Obviously, the foregoing embodiments are merely examples for clear description, rather than a limitation to implementations. For a person of ordinary skill in the art, other changes or variations in different forms may also be made based on the foregoing description. All implementations cannot and do not need to be exhaustively listed herein.
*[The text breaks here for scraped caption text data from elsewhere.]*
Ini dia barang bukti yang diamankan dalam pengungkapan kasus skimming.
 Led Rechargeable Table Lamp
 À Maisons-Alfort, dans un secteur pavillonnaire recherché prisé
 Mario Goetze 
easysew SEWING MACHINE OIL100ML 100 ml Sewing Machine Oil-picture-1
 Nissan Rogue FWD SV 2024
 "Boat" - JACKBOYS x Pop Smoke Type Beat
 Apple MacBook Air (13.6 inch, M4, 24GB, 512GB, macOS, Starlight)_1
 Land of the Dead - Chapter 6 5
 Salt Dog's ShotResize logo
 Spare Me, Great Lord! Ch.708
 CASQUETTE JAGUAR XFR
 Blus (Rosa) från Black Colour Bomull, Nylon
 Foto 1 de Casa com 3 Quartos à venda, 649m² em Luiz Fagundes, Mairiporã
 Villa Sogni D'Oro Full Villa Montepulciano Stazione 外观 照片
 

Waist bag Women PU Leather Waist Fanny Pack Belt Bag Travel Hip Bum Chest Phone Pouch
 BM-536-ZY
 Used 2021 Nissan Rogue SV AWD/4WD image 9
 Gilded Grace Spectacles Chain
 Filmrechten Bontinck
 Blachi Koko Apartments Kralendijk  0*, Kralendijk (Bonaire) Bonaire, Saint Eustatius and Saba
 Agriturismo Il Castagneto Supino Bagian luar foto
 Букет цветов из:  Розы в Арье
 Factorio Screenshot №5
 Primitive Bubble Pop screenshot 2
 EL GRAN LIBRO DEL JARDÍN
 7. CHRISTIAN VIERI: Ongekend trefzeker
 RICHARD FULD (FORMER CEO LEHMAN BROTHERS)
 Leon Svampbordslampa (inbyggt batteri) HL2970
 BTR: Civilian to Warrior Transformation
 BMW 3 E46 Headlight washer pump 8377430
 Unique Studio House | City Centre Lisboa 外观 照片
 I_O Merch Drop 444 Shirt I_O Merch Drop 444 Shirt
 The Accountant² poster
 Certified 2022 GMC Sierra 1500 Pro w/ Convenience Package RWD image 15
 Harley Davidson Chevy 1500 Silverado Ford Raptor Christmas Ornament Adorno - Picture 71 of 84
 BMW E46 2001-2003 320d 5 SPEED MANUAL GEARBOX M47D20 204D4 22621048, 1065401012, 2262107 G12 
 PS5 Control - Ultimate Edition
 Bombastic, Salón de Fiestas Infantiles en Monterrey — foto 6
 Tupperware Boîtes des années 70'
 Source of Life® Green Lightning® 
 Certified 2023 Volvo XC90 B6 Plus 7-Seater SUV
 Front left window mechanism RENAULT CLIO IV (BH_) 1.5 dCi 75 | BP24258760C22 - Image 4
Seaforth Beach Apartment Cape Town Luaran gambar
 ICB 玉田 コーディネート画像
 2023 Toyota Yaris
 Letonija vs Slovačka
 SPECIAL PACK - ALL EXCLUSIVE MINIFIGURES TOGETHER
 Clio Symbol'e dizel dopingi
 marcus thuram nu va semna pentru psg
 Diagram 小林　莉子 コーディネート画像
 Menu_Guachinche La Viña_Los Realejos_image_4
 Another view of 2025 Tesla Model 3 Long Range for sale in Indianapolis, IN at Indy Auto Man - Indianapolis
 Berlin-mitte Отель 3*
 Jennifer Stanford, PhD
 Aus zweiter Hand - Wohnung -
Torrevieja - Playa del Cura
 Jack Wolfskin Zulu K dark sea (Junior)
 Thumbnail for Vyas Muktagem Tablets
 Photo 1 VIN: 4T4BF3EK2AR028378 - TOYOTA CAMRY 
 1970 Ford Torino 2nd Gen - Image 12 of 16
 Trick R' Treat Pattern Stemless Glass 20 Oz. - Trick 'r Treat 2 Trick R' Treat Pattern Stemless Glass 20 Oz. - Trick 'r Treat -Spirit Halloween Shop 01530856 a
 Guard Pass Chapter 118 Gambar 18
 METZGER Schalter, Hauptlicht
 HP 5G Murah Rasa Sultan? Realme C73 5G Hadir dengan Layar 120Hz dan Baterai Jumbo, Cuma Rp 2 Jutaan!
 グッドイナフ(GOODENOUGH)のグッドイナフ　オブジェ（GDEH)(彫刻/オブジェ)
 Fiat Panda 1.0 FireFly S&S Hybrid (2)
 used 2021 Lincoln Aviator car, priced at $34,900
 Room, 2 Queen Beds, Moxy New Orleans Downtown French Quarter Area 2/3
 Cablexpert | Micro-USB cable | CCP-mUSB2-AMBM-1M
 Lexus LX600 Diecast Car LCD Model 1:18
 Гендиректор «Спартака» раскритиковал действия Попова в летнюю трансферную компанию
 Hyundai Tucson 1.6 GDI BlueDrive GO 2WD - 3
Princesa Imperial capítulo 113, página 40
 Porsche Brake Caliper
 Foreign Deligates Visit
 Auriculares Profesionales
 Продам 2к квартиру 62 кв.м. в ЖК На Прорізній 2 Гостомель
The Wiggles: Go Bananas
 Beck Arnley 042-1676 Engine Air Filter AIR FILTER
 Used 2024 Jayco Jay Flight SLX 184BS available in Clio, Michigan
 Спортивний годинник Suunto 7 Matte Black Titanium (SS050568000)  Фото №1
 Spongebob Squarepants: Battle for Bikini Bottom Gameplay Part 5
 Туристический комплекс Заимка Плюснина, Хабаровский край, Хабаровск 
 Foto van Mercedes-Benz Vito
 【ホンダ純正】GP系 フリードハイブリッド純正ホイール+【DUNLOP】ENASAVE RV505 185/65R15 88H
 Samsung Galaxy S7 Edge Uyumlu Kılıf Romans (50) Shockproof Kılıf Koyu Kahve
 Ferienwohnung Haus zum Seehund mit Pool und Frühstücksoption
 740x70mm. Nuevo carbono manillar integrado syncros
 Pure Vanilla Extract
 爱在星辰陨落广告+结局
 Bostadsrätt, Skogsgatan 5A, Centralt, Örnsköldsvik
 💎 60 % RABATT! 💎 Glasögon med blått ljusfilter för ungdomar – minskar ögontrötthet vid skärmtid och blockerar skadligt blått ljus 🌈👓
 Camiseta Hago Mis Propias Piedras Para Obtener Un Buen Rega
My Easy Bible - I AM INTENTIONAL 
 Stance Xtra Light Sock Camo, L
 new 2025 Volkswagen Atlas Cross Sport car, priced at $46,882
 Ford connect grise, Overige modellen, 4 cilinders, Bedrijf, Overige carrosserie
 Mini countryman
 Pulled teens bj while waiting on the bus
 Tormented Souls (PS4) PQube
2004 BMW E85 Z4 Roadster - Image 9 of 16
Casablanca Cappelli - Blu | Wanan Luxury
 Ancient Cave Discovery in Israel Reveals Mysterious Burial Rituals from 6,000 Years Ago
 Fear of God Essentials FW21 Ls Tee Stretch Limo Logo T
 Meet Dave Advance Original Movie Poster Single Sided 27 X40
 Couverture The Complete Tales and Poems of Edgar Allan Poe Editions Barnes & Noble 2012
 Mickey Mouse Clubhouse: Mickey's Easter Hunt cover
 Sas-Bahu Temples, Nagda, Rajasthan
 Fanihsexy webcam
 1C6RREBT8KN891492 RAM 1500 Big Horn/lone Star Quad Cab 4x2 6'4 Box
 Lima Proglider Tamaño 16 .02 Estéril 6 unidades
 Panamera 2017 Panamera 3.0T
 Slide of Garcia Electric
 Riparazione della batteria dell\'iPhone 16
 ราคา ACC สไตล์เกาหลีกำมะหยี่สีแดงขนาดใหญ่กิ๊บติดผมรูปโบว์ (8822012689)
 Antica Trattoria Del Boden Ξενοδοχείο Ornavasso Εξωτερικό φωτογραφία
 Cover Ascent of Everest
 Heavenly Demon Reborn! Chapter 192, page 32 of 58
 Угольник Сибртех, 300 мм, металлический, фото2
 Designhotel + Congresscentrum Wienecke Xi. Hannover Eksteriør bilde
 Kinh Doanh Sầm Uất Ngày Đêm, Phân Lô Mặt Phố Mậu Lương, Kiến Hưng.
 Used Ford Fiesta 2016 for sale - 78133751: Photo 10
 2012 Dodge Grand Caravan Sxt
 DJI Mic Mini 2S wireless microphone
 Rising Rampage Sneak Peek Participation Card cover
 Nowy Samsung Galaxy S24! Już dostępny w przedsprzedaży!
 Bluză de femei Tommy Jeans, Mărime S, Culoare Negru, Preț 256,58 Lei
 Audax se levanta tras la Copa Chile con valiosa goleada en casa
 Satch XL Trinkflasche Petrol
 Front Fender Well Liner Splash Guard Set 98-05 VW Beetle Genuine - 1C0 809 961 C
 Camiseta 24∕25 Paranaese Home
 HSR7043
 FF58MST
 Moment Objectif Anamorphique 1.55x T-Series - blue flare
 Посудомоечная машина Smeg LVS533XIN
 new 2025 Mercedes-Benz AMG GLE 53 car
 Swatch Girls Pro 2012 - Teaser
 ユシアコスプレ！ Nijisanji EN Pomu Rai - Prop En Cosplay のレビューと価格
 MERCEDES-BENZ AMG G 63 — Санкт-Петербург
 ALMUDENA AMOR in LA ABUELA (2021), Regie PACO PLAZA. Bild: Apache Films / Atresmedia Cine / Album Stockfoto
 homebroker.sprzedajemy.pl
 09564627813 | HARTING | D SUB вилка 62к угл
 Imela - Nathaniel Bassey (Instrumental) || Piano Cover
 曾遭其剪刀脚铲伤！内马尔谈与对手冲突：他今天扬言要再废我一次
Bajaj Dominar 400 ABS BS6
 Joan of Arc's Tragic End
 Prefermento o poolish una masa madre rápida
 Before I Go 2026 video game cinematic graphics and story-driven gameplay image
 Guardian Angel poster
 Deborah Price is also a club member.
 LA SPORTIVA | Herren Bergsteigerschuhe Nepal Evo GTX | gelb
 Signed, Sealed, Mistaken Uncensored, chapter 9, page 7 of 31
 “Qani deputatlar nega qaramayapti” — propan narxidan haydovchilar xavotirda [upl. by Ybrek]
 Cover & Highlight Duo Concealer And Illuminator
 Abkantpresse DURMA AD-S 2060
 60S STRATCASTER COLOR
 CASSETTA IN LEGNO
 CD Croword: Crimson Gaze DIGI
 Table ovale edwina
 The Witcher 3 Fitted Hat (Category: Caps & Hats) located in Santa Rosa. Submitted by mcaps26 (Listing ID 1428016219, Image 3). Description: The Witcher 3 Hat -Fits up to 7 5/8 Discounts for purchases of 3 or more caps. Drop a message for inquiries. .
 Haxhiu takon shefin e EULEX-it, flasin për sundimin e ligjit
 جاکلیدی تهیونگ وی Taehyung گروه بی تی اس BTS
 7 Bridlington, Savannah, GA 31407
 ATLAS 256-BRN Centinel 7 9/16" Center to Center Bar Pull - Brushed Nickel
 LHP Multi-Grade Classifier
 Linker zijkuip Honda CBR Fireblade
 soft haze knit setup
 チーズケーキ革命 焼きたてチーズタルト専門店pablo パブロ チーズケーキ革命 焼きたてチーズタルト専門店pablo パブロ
Obvious changes or variations that are derived therefrom still fall within the protection scope of the present invention.

Claims

1. A method for preparing an air-permeable stretchable circuit, which can be activated by stamping, comprising steps of: dissolving a thermoplastic polymer in a solvent, then adding liquid metal particles and mixing to obtain a mixed solution;performing electrospinning on the mixed solution to prepare a nanofiber membrane;performing stamping on the nanofiber membrane with a stamping mould having a circuit pattern, to obtain the air-permeable stretchable circuit.

2. The method according to claim 1, wherein the thermoplastic polymer is selected from the group consisting of polyurethane, PVDF, PVDF-HFP, PVA, SBS, SEBS and any combination thereof.

3. The method of claim 1, wherein the solvent is selected from the group consisting of hexafluoroisopropanol, tetrahydrofuran, acetone, N,N-dimethylformamide, N,N-dimethylacetamide, water, dichloromethane and any combination thereof.

4. The method according to claim 1, wherein the metal in the liquid metal particles is selected from the group consisting of gallium, gallium-indium alloy, gallium-indium-tin alloy, indium-tin-bismuth alloy and any combination thereof.

5. The method according to claim 1, wherein a mass ratio of the liquid metal particles to the thermoplastic polymer in the thermoplastic polymer solution is 4-10:1.

6. The method according to claim 1, wherein a diameter ratio of the liquid metal particles to the fiber in the nanofiber membrane is 1:0.35-2.

7. The method according to claim 1, wherein the electrospinning satisfies one or more of following conditions: a size of the needle is 20 G-24 G;an applied voltage is 6 kV-15 kV;a feed rate of solution is 0.5 mL h−1-1.2 mL h−1;a distance of fiber collection is 8 cm-16 cm; anda rotate speed of a metal roller for collecting the fiber membrane is 120 rpm-200 rpm.

8. The method according to claim 1, wherein a stamping condition is that a pressure intensity on a contact surface of the nanofiber membrane is from 100 kPa to 1 MPa.

9. An air-permeable stretchable circuit prepared according to the method of claim 1.

10. Use of the air-permeable stretchable circuit according to claim 9 in wearable electronics, soft robots, man-machine interfaces or bioelectronic devices.